Ieri, il presidente degli Stati Uniti Joe Biden ha confermato che nessun Paese Nato è e sarà in guerra con Mosca, ma al contempo rilanciato l’impegno ad armare e sostenere finanziariamente l’Ucraina aggredita dalla Russia. 

Il presidente degli Stati Uniti Joe Biden ieri ha confermato e rilanciato. In un quadro che sembra riconoscere l’impossibilità di percorrere, in questo momento, la via diplomatica. Ha confermato che nessun Paese Nato è e sarà in guerra con Mosca, ma al contempo rilanciato l’impegno ad armare e sostenere finanziariamente l’Ucraina aggredita dalla Russia. 

Per quanto possa apparire incredibile, lo stesso Biden, nel discorso rivolto al Congresso per chiedere ulteriori finanziamenti da destinare al riarmo e alla ricostruzione di Klev per 33 miliardi di dollari, ha dovuto ribadire che ci troviamo davanti ad un aggressore - la Russia - e un aggredito. Perché nella macedonia di sentimenti, paure e incertezze determinata da questa “brutale guerra d’aggressione“ (citazione testuale dello stesso Biden), si allarga la tentazione in molti di confondere piani e ruoli. Chi per stanchezza, chi - sono molti - per calcolo cinico e ributtante. 

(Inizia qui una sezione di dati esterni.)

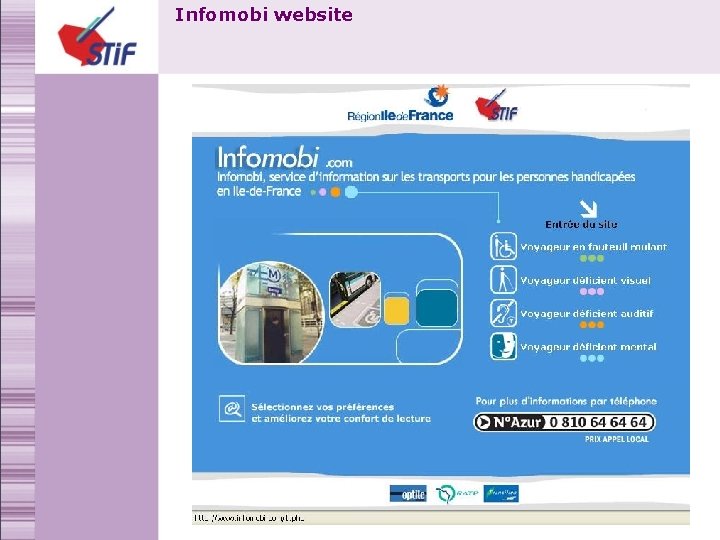 Infomobi website 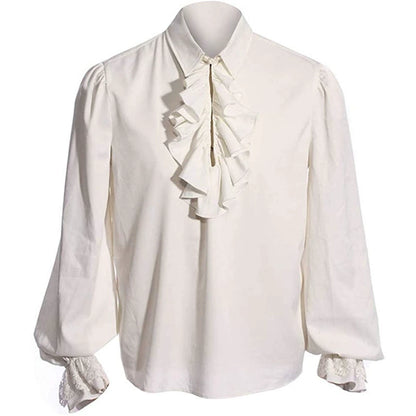 Vampire Artsy Revival Fashion Victorian Shirt Steampunk Ruffles Medieval Halloween Costume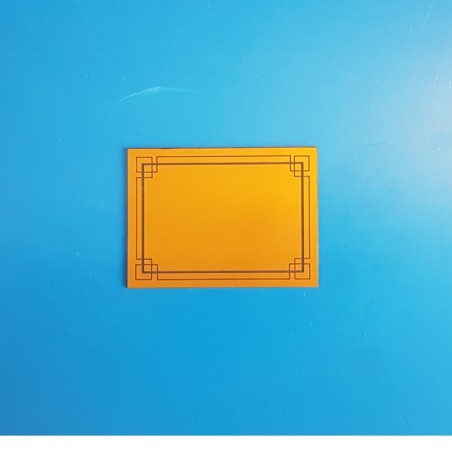 50 Étiquettes neutres - Fond or à 2 liserés noir - Ht 70 x lg 100 mm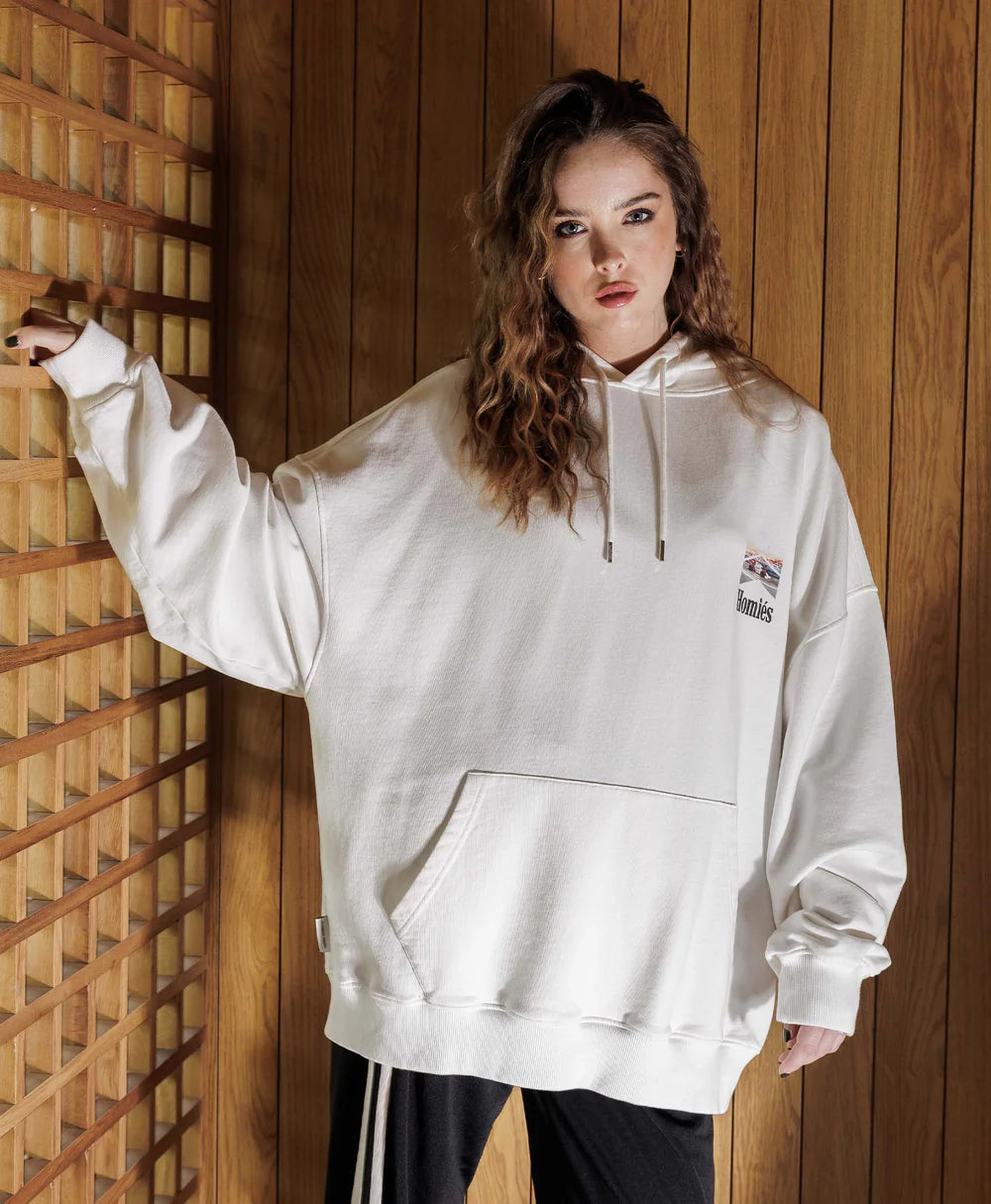 RACING LIMITED HOODIE VINTAGE WHITE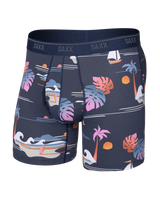 SAXX Men's Quest Quick-Dry Mesh Boxer Brief in Sunny Adventure/Maritime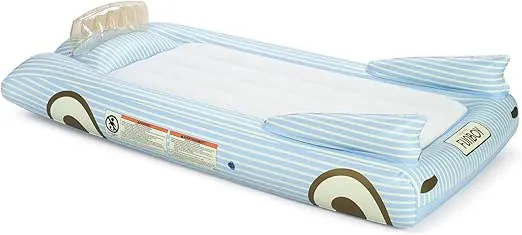FUNBOY Kids Blue Inflatable Travel Bed & Mattress. Perfect for Sleepovers. Includes Carrying Case Storage Bag, Twin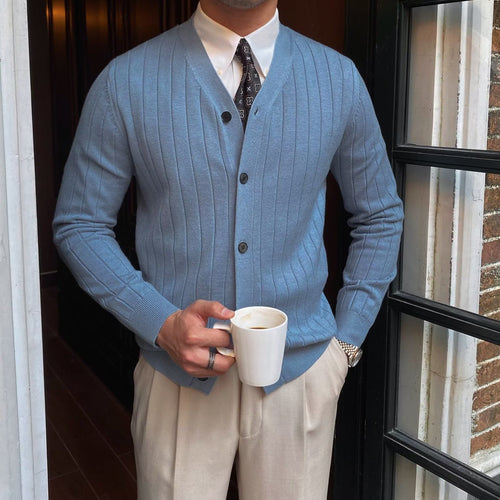 Buttoned Knit Cardigan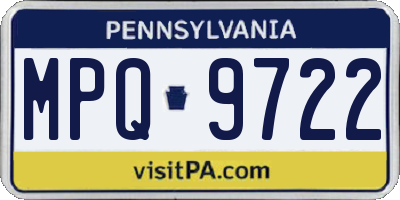 PA license plate MPQ9722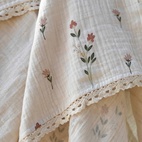 Crinkle blanket lace nostalgia GOTS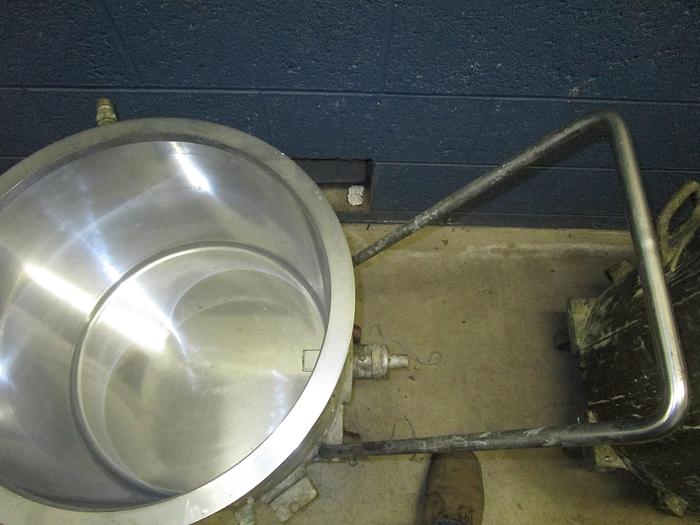 Used 10 GALLON ROSS MIX CANS – STAINLESS STEEL – JACKETED (4) AVAILABLE #8534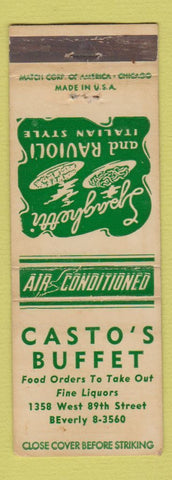 Matchbook Cover - Casto's Buffet Chicago? WEAR
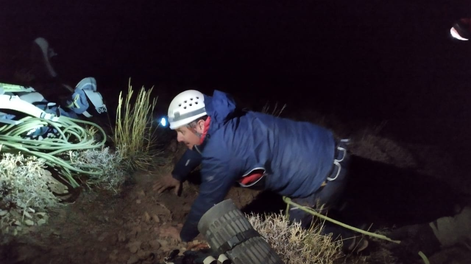 Video: así rescataron a los andinistas que habían quedado atrapado en un barranco del Aconcagua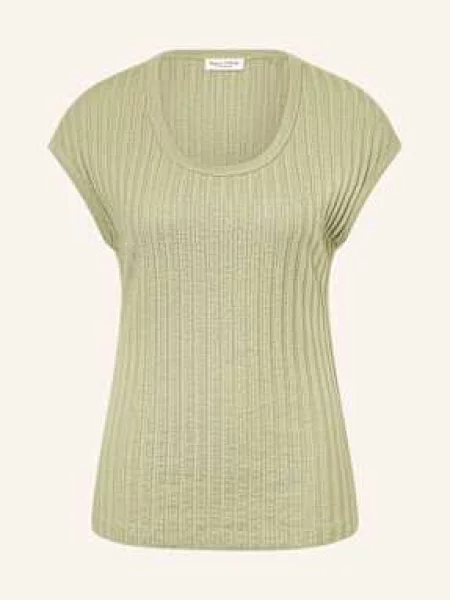 Marc O'polo Dzianinowa Koszulka gruen zielona
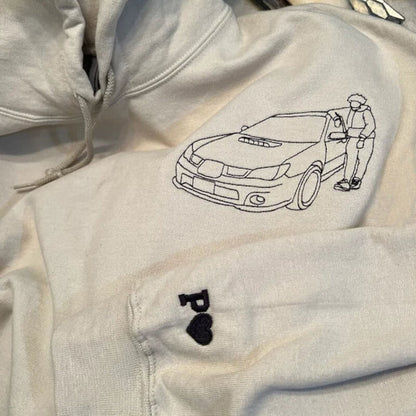 Personalized embroidered custom car with photo shirt - Handmade shirt 659d003c43b84.jpg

Ribadirlo, dunque, è necessario, mentre Mosca continua a condurre un conflitto inumano e dagli obiettivi inaccettabili in qualsiasi consesso civile. Una guerra in cui non ci si fa scrupolo di tornare a colpire la capitale del Paese aggredito, come capitato ieri, durante la visita del Segretario generale delle Nazioni Unite. Quest’ultimo reduce da un infruttuoso colloquio proprio con il dittatore a Mosca. 

Come dire, voi non contate nulla, nessuno conta e solo noi decideremo se e quando fermarci e con chi discutere. La guerra continua perché la Russia vuole che continui, senza raggiungere gli obiettivi sul terreno e continuando ad alzare la posta dialettica. Dalle “armi mai viste“ di Putin alle parole degli uomini a lui vicini che insistono a disegnare l’Ucraina come un non-Stato da cancellare, menomare, trattare come entità inferiore. Questa è la realtà, converrebbe farci i conti piuttosto che inseguire l’ultima moda del ribaltamento dei fatti, secondo la quale sarebbe proprio Biden il guerrafondaio. Non male.